No matter what you may have hoped, some things never change. The intro to this Politico piece really tells the whole story.
He may have promised to change Washington, but President Barack Obama is continuing one of its most renowned patronage traditions: bestowing prized ambassadorships on big donors.
Of the nearly 80 ambassadorship nominations or confirmations since Obama’s Inauguration, 56 percent were given to political appointees and 44 percent have gone to career diplomats, according to records kept by the American Foreign Service Association.
I’m not going to sit here and pretend that this is just a Democratic problem any more than it’s just a Republican problem. This is a deeply rooted problem connected to politics as usual and the way that money finds its way into the system, rarely producing noble results.
Beatrice Wilkinson Welters and her husband channeled somewhere between $200,000 and 1/2 $M dollars into Obama’s presidential campaign and another 100 grand for his inaugural festivities.
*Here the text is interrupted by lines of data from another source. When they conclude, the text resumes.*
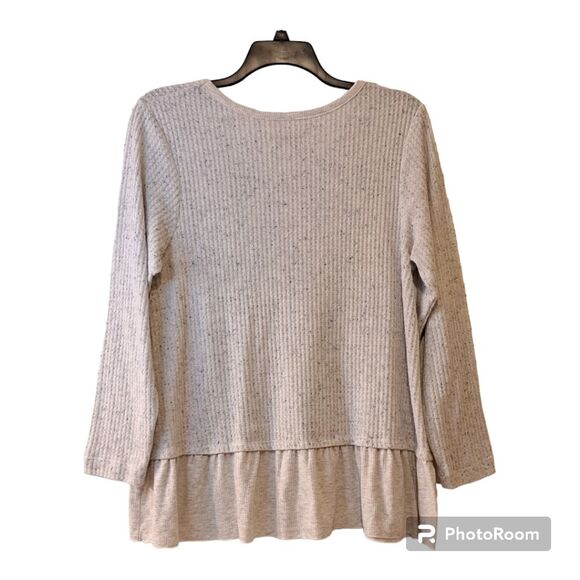 Koolaburra By Ugg Women's Grey Flecked Waffle Knit V-Sweater Top Causal Large - Picture 3 of 13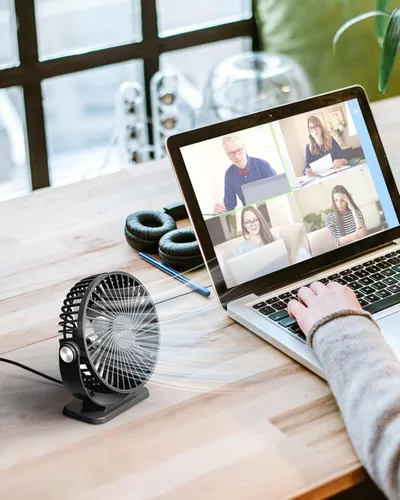 Miniatura 7 de TriPole Ventilador de escritorio pequeño alimentado por USB, ventilador portátil de 3 velocidades, mini ventilador de flujo de aire fuerte, rotación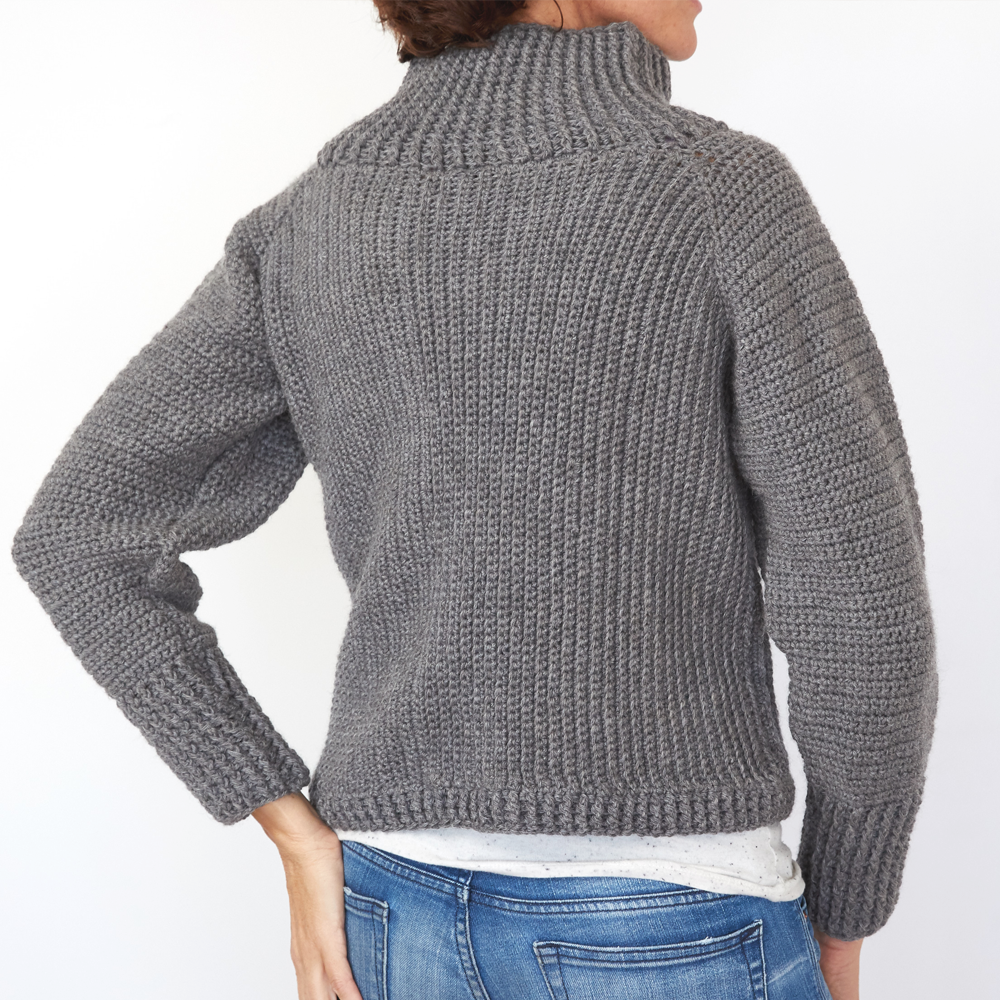 The Roll Neck Sweater is the perfect elegant piece to wear to a family Christmas party, or for a walk in the autumnal breeze. #crochetsweater #crochetpullover #crochetlove #crochetaddict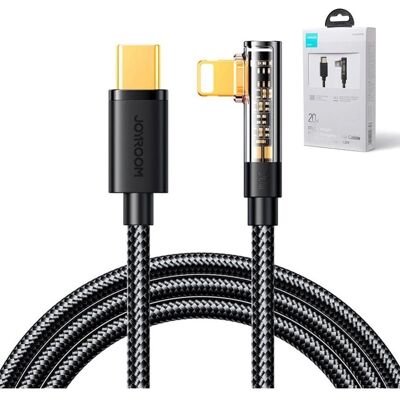 Joyroom Schwarzes Abgewinkeltes USB Kabel - 20W Schnellladung & Datenübertragung Joyroom Schwarzes Abgewinkeltes USB Kabel - 20W Schnellladung & Datenübertragung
And now it seems that Beatrice will be heading off to be our ambassador to Trinidad and Tobago in the Caribbean. Nice work if you can get it, eh?
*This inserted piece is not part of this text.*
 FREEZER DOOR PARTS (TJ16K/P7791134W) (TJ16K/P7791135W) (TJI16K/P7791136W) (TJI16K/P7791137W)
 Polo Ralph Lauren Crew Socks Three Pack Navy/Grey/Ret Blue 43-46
But Beatrice is far from the only one.
Charles H. Rivkin, a Los Angeles-based children’s television executive and an $800,000 bundler, is in Paris; Alan Solomont, a Boston-based investor and $500,000 bundler, is in Madrid; Louis B. Susman, a Chicago investor and $500,000 bundler, is in London; and Don Beyer, a Virginia Volvo dealer and $745,000 bundler, is in Bern, Switzerland.
Nicole Avant, a member of a Motown family dynasty who is credited with bundling up to $800,000 for Obama, was granted the coveted and cushy ambassadorship in Nassau, Bahamas.
Meet the new boss… same as all the bosses who came before him. True, Obama never actually promised to end this practice entirely, but this certainly doesn’t have the smell of changing Washington business as usual.